*Brief*.
Transcribe verbatim every line from the line containing "Solo Taquitos? 🍿" to the end of the entries, including both endpoints. Output nothing beyond those lines.

*Data for review*.
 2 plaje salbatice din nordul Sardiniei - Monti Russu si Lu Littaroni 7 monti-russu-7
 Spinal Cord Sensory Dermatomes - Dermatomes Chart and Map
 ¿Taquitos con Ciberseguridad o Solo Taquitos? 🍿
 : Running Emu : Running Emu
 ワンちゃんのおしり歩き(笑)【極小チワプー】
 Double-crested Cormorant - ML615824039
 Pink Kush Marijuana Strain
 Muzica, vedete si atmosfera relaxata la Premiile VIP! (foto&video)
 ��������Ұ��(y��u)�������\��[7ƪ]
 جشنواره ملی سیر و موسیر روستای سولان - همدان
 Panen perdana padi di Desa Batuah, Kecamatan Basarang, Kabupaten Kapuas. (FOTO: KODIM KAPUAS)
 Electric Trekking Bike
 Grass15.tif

*Answer to this task*.
 ¿Taquitos con Ciberseguridad o Solo Taquitos? 🍿
 : Running Emu : Running Emu
 ワンちゃんのおしり歩き(笑)【極小チワプー】
 Double-crested Cormorant - ML615824039
 Pink Kush Marijuana Strain
 Muzica, vedete si atmosfera relaxata la Premiile VIP! (foto&video)
 ��������Ұ��(y��u)�������\��[7ƪ]
 جشنواره ملی سیر و موسیر روستای سولان - همدان
 Panen perdana padi di Desa Batuah, Kecamatan Basarang, Kabupaten Kapuas. (FOTO: KODIM KAPUAS)
 Electric Trekking Bike
 Grass15.tif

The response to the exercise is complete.